Global life expectancy used to be a pretty straightforward thing. As countries gained economic ground, we would see a slow, steady improvement in life expectancy. That is true no longer. Now we see countries sliding backwards, greater differences between men and women and even gaps between healthcare spending and life expectancy. Here are some top facts on global life expectancy based on new analysis techniques that compare almost 4000 sources of data.

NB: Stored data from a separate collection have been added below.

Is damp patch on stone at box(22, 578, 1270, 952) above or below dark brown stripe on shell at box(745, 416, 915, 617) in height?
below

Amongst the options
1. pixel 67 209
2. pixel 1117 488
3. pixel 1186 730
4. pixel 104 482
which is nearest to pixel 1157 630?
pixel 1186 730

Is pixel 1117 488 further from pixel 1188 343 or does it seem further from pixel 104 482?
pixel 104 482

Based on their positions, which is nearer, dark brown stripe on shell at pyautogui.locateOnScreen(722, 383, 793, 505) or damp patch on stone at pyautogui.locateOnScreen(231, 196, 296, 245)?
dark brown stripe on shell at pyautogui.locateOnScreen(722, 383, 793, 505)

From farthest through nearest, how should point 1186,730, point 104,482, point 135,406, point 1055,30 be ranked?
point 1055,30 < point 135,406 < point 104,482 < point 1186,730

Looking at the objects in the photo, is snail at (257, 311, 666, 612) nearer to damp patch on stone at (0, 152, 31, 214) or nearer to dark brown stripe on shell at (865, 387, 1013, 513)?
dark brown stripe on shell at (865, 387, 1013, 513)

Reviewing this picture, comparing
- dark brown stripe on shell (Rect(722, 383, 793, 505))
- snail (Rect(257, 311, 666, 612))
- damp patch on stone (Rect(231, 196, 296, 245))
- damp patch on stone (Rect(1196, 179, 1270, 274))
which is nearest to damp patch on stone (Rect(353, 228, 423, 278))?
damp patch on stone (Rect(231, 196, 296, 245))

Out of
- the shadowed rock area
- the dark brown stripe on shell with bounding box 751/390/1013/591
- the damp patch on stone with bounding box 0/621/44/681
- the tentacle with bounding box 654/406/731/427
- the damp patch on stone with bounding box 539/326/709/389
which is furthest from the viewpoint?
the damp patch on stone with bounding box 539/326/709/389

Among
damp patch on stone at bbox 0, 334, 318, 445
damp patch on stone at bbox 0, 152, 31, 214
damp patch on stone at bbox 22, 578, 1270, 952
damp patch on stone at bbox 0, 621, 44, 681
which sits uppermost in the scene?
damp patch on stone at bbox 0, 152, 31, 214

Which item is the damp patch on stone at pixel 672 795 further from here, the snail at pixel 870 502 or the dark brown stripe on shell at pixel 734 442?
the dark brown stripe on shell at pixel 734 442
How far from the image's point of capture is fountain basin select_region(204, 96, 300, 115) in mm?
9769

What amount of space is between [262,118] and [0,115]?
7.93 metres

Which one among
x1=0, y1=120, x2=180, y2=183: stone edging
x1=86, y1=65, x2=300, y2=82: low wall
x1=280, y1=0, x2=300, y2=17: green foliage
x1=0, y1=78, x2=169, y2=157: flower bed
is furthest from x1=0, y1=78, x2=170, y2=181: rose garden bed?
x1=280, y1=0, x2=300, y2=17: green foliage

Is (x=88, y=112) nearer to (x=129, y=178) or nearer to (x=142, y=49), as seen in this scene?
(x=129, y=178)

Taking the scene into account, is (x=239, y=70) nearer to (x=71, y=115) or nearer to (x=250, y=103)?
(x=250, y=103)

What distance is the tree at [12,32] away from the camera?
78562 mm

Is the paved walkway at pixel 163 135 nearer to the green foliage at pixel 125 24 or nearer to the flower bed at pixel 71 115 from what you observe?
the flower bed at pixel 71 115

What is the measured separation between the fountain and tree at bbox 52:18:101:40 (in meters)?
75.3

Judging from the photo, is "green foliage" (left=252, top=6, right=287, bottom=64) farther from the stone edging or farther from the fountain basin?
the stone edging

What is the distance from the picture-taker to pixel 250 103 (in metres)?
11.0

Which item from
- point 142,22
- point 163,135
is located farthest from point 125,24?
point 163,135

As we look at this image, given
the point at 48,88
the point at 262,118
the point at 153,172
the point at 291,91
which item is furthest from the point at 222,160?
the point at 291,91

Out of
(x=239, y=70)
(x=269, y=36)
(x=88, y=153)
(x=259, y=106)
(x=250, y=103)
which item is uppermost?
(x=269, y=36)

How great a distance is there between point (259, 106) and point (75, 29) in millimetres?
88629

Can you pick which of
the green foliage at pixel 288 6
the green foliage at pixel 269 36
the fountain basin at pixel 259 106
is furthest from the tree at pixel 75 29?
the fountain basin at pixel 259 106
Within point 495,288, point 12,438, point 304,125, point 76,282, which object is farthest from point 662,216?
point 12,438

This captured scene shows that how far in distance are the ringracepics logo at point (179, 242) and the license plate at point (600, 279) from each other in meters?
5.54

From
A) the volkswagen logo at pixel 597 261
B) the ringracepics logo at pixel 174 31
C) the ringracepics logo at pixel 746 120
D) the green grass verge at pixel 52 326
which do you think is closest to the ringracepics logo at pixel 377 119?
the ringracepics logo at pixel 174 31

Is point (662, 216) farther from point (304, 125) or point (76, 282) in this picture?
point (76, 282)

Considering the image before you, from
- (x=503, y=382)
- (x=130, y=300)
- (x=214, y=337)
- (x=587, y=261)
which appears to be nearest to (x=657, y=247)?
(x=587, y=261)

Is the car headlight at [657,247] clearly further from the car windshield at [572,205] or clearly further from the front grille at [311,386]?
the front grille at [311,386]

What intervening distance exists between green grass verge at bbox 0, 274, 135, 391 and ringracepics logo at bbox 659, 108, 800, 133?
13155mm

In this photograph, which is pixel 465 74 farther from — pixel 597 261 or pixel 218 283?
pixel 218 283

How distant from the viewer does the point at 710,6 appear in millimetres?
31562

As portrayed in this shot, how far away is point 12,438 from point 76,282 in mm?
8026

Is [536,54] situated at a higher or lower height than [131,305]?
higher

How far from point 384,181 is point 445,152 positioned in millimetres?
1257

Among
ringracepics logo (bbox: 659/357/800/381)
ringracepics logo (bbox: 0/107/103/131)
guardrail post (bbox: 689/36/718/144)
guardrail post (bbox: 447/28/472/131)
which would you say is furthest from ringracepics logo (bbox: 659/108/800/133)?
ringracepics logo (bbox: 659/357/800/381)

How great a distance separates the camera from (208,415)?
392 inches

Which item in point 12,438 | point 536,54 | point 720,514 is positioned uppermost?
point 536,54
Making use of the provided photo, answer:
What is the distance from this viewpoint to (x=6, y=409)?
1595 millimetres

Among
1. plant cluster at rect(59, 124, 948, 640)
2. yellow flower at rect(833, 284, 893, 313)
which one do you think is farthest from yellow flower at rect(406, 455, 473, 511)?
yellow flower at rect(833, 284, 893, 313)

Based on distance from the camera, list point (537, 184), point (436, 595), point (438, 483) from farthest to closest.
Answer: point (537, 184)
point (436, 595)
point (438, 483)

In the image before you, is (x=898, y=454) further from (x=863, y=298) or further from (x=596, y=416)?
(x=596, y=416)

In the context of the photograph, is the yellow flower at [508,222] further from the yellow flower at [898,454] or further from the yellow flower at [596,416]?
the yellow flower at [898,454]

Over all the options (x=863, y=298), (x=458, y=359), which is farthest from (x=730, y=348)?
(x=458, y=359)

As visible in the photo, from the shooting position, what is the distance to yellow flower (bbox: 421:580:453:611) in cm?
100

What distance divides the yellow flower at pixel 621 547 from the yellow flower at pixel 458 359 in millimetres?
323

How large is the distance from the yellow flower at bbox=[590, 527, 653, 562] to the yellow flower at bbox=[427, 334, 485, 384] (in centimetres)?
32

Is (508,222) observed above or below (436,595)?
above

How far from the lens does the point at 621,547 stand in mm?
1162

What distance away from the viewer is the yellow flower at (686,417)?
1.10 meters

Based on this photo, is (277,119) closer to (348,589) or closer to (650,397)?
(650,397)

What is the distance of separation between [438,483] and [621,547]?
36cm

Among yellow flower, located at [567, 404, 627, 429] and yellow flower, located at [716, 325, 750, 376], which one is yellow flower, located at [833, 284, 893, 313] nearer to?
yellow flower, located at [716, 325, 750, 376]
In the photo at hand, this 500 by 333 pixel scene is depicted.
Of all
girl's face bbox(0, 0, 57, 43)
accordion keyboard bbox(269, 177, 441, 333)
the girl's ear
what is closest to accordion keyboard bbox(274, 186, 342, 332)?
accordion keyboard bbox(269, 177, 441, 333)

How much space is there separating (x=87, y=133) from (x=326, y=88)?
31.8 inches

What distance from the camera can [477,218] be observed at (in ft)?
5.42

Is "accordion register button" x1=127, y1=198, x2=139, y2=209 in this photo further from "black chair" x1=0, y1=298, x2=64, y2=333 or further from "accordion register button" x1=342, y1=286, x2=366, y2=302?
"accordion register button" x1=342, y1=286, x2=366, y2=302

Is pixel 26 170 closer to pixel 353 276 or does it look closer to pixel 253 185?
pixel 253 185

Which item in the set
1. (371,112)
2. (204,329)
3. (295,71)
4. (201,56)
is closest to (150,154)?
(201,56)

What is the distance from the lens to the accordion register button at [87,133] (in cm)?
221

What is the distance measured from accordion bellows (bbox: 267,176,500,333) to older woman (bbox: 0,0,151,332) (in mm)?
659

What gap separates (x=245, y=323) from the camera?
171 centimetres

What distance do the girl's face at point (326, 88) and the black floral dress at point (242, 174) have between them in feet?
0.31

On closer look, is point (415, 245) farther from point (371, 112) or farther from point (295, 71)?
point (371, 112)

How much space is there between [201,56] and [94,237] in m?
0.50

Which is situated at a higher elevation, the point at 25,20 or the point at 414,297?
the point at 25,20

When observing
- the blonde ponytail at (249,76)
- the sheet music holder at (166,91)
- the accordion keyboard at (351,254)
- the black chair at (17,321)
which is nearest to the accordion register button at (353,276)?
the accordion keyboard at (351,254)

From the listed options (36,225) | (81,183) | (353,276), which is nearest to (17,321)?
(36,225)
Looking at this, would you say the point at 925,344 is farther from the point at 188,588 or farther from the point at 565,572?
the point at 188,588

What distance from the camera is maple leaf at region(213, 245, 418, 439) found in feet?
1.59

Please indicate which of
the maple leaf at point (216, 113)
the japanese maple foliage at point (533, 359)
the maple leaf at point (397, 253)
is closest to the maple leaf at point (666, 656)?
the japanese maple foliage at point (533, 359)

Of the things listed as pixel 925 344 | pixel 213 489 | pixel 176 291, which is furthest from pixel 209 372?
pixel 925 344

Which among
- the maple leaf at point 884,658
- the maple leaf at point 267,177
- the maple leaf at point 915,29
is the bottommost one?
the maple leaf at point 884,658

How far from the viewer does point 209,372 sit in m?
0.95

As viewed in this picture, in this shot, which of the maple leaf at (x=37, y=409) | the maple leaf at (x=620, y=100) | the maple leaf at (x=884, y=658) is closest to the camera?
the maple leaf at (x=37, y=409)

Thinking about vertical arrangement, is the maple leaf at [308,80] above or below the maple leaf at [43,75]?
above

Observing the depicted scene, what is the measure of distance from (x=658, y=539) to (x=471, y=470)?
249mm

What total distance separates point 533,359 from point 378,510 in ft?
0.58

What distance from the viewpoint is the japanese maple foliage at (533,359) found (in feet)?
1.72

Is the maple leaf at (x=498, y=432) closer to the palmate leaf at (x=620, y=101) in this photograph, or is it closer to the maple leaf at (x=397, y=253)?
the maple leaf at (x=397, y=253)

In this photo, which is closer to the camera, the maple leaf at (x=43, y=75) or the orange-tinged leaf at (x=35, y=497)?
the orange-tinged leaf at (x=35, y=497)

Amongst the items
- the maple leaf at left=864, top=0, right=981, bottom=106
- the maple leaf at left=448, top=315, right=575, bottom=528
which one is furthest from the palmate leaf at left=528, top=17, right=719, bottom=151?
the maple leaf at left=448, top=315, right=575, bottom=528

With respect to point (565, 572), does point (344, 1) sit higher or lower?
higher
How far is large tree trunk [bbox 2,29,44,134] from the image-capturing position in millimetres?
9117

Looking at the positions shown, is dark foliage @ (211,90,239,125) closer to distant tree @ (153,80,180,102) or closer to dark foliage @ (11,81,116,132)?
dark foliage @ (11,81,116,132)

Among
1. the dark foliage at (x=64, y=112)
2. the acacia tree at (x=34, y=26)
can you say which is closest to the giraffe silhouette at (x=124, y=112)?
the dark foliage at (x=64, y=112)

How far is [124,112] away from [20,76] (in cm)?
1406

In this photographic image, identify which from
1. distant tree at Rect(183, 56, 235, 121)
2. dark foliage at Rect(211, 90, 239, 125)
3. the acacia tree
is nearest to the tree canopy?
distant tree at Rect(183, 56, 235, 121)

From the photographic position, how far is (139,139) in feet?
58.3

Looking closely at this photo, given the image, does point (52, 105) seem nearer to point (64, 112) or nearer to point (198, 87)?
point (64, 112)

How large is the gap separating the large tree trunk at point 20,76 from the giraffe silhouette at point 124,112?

Men typically live around 5 years less than women, but in Iceland that gap has been closing. In fact, Iceland is the best country for men to avoid any type of premature death. Why is this? No one really knows. It could be that the small size of Iceland impacts things like crime ares and violent death. That, combined with a decent health care system may just help men (on average) live a few years longer.
This one was a surprise to me: women living in Cyprus have the lowest risk, for women, of premature death. I have no idea why. The fact that both Iceland and Cyprus are small island nations may have something to do with it, or it could just be a statistical fluke.
Women Doing Great in South AsiaWomen have seen great gains in life expectancy in South Asia since 1970. South Asia used to have the highest risk of premature death for women. Since 1970, the risk has been more than halved.
Former Soviet Countries Losing GroundCountries that used to be part of the Soviet Union have lost ground when it comes to life expectancy and premature death. In fact, Russia has dropped from 43rd for female mortality in 1970 to 121st in 2010. This decline is due, in part, to collapsing health care systems.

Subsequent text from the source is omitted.